Niger et São Tomé : d’autres voix s’élèvent
Au Niger, dirigé par un régime militaire depuis juillet 2023, les autorités réclament à la France des compensations pour l’exploitation de ses ressources (uranium, pétrole) durant la colonisation. Une équipe d’experts étudierait les archives coloniales pour établir un montant précis, avec l’objectif d’obtenir des premiers versements d’ici 2027.
Plus surprenant, São Tomé-et-Principe a annoncé son intention de solliciter des réparations auprès du Portugal, s’appuyant sur la récente reconnaissance par le président portugais des crimes de la traite transatlantique. D’anciennes colonies lusophones, comme l’Angola et la Guinée-Bissau, pourraient emboîter le pas. « La dépossession territoriale et culturelle doit être réparée », a insisté un porte-parole du gouvernement santoméen.

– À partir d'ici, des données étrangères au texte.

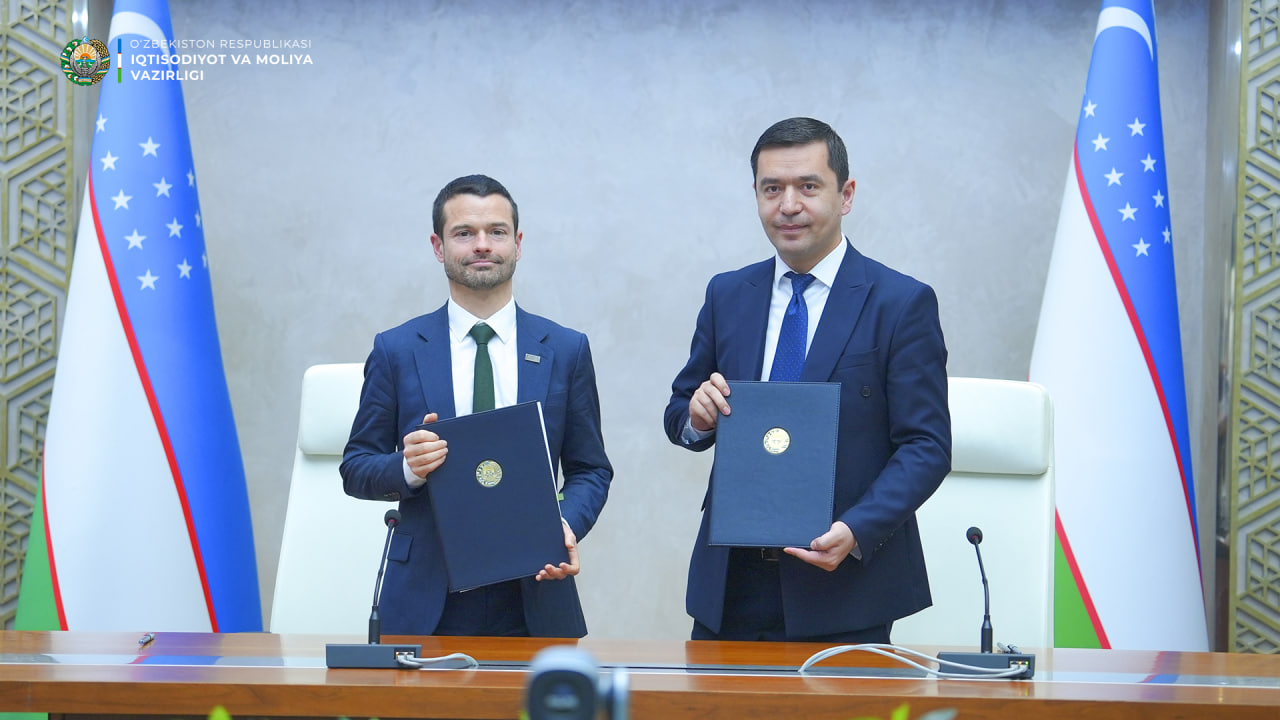 Yalangoch qizlarning qurolli erotik fotosuratlari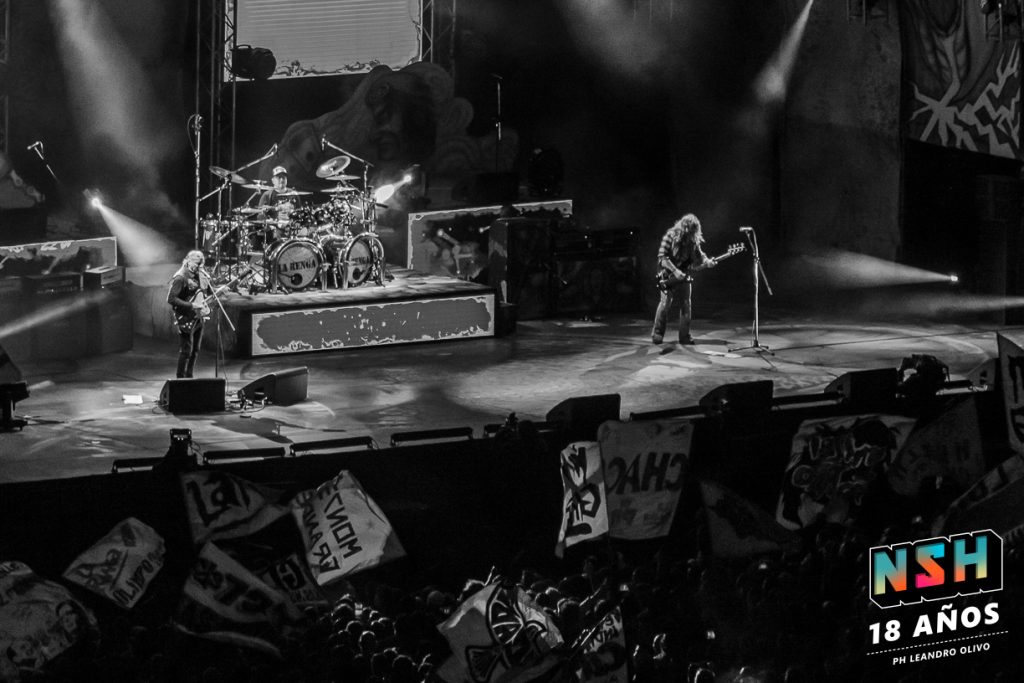 Foto del recital de La Renga en el Estadio de Huracán durante su gira "Totalmente Poseídos" en Buenos Aires, junio de 2024.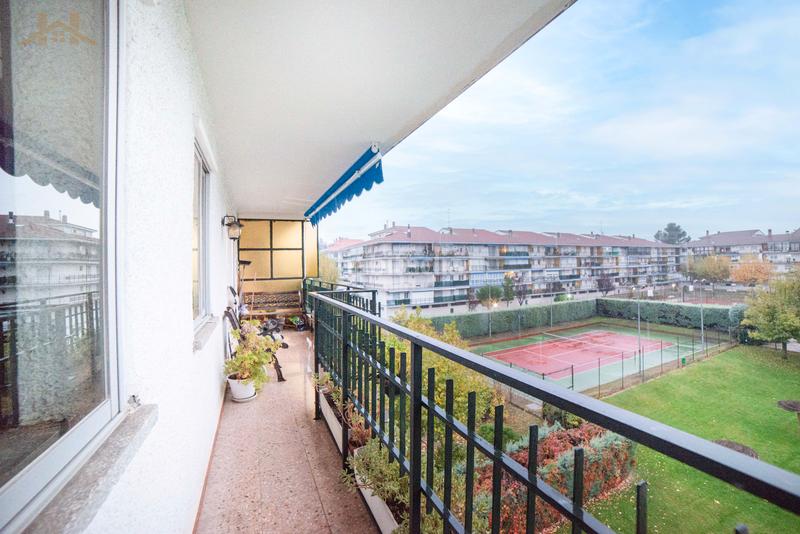 Foto 13beb520-6664-4685-a2f8-83281b7ce534. Duplex with fireplace heating parking pool in Parque de la Coruña-Las Suertes Collado Villalba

Un débat qui dépasse l’argent
Si les réparations financières dominent les discussions, activistes et intellectuels rappellent que l’enjeu est aussi symbolique et mémoriel. « Il ne s’agit pas seulement de milliards, mais de la reconnaissance d’une histoire violente », explique une chercheuse spécialiste des questions postcoloniales.
La France, de son côté, évite soigneusement le terme de « réparations », préférant parler de « coopération renforcée » ou de « fonds de solidarité ». Une prudence qui témoigne des sensibilités politiques, tant en métropole que dans les anciennes colonies.
Alors que l’Afrique exige de plus en plus fortement un règlement des comptes du passé, la question des réparations coloniales s’impose comme un test crucial pour les relations Nord-Sud. Entre calculs économiques, justice historique et diplomatie, le chemin vers la réconciliation s’annonce long et semé d’embûches.